Aim of the task =
Without the pictures, output the records below exactly as they are.

Items from a data source:
———

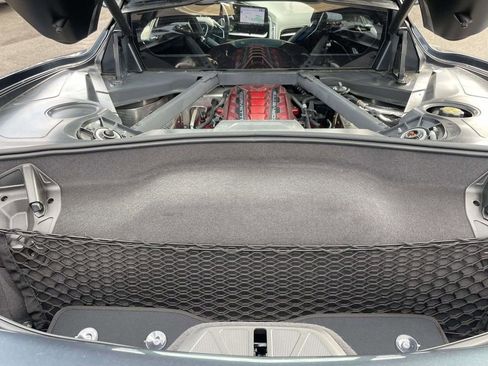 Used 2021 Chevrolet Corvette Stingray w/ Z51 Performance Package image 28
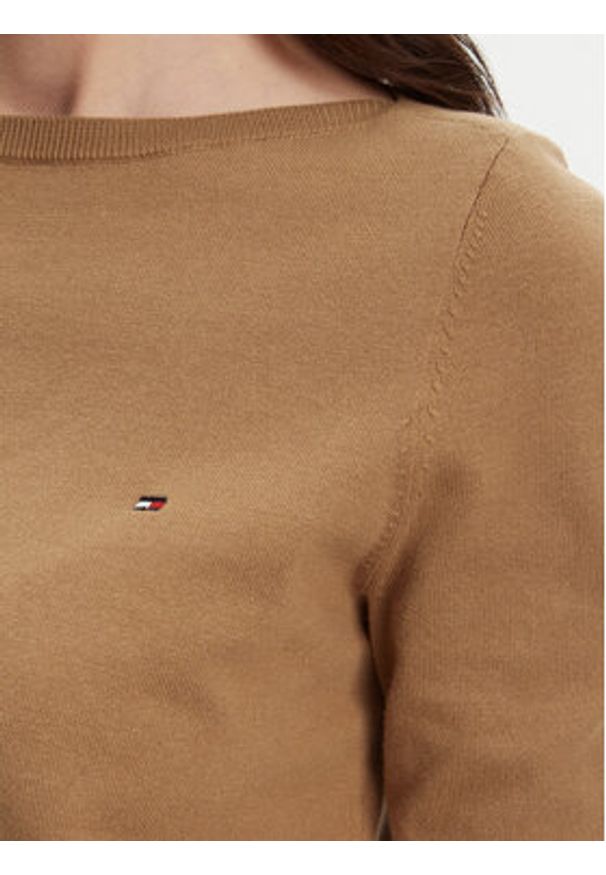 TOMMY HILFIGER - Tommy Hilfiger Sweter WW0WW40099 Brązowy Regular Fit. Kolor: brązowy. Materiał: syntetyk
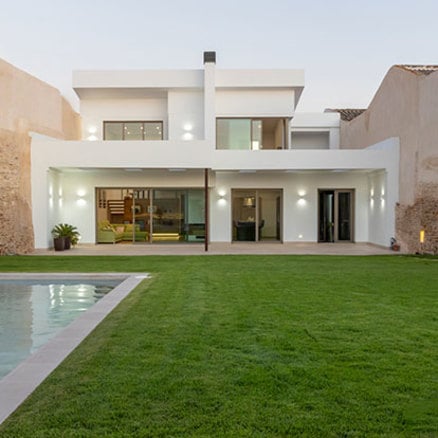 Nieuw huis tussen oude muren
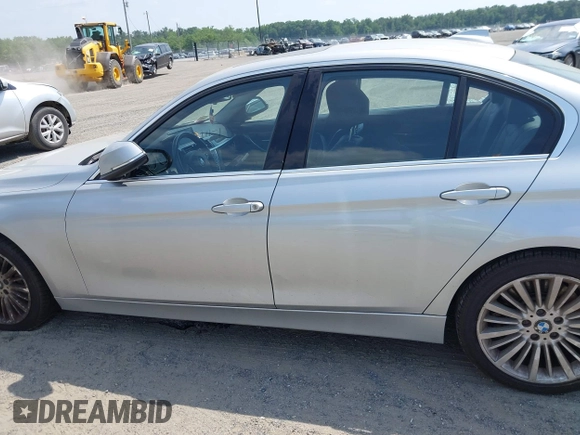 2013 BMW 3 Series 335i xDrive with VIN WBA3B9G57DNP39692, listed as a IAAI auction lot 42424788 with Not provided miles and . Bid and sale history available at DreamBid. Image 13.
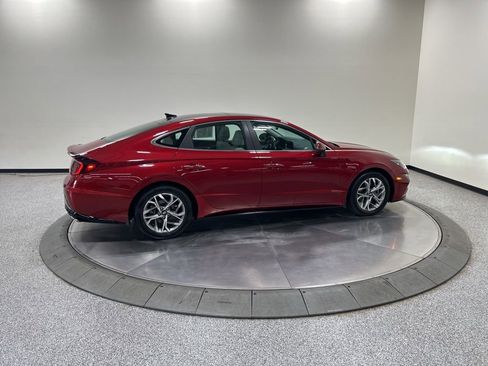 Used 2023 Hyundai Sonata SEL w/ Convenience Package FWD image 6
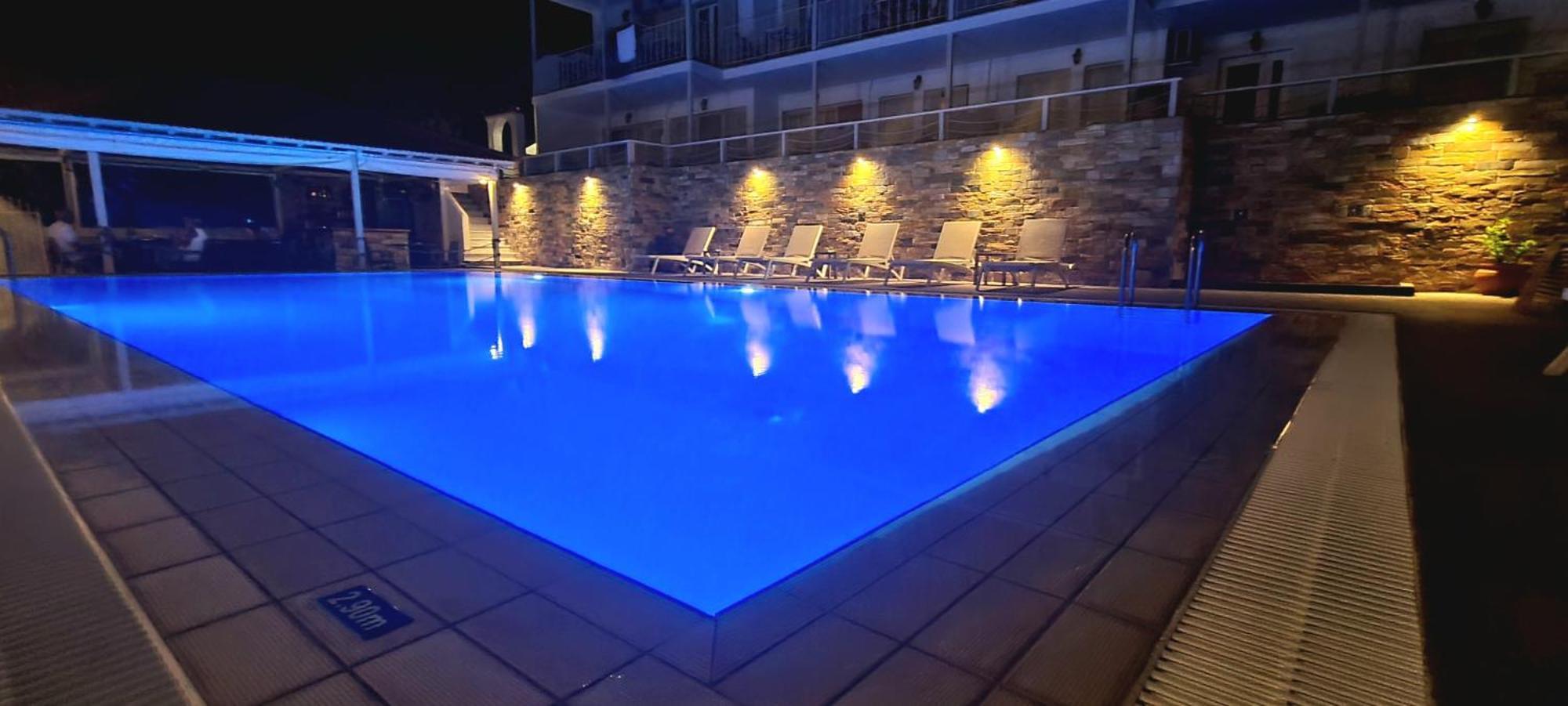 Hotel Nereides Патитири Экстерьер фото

———

Result for this exercise =
 Used 2021 Chevrolet Corvette Stingray w/ Z51 Performance Package image 28
 TOMMY HILFIGER - Tommy Hilfiger Sweter WW0WW40099 Brązowy Regular Fit. Kolor: brązowy. Materiał: syntetyk
 Nieuw huis tussen oude muren
 2013 BMW 3 Series 335i xDrive with VIN WBA3B9G57DNP39692, listed as a IAAI auction lot 42424788 with Not provided miles and . Bid and sale history available at DreamBid. Image 13.
 Used 2023 Hyundai Sonata SEL w/ Convenience Package FWD image 6
 Hotel Nereides Патитири Экстерьер фото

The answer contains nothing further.